(WORK ITEM): Range to copy from the entries below: the line containing "DLC1 Induces Expression" through the line containing "Cachorro raça SRD-ViraLata", inclusive. Retype only those lines, exactly, without any images.

(RECORDS FOR THIS TASK):
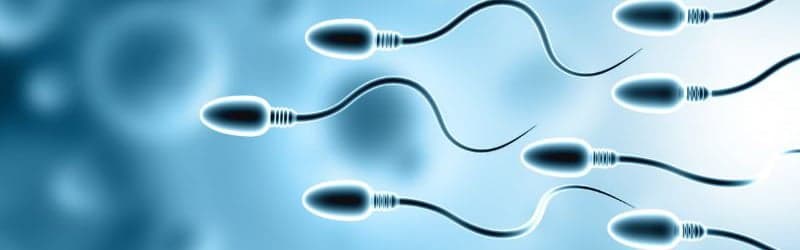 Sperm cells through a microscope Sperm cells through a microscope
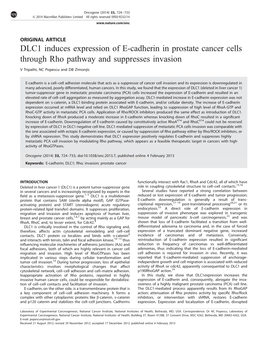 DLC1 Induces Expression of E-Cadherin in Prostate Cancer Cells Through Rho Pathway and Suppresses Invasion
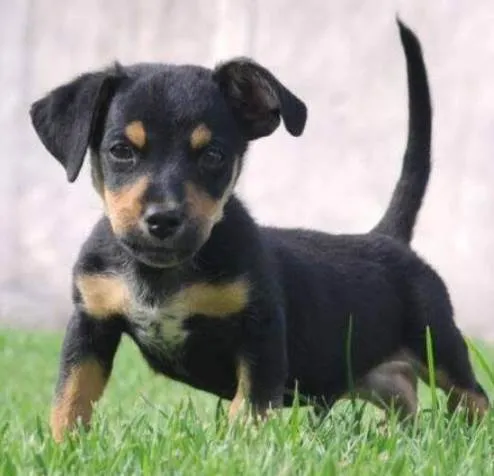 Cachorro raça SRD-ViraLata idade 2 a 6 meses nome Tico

* * *

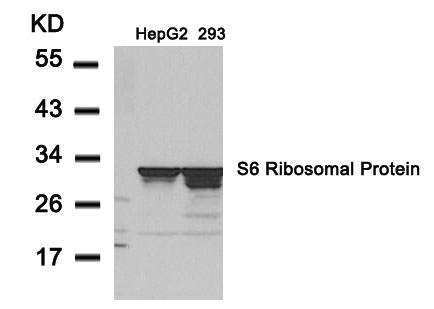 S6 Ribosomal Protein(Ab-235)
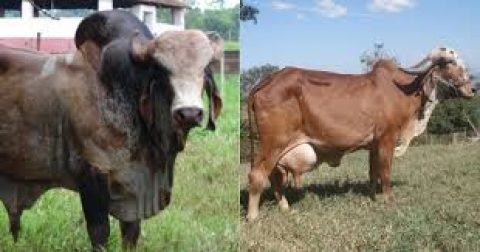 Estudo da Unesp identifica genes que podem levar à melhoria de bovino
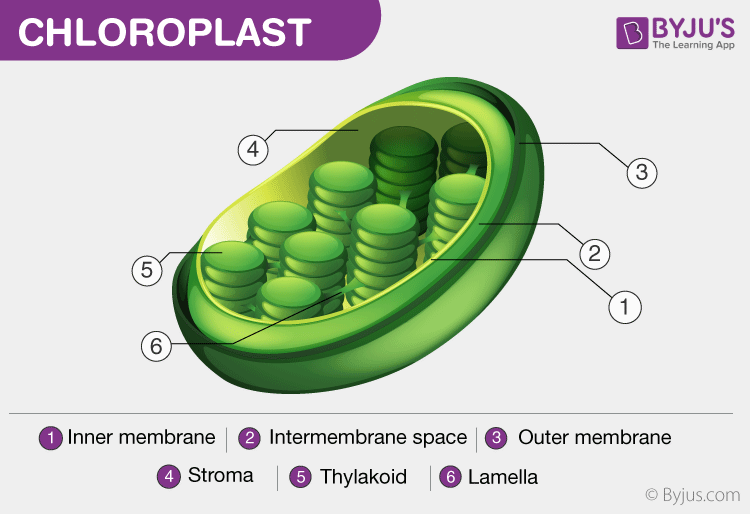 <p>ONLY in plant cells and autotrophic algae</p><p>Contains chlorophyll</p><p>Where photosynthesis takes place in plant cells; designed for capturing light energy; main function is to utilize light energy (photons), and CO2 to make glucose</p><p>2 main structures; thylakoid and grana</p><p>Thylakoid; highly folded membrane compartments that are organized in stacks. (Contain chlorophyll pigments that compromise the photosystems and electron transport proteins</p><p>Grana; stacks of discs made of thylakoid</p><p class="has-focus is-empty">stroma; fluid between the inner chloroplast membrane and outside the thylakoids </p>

(EXERCISE OUTPUT):
 DLC1 Induces Expression of E-Cadherin in Prostate Cancer Cells Through Rho Pathway and Suppresses Invasion
 Cachorro raça SRD-ViraLata idade 2 a 6 meses nome Tico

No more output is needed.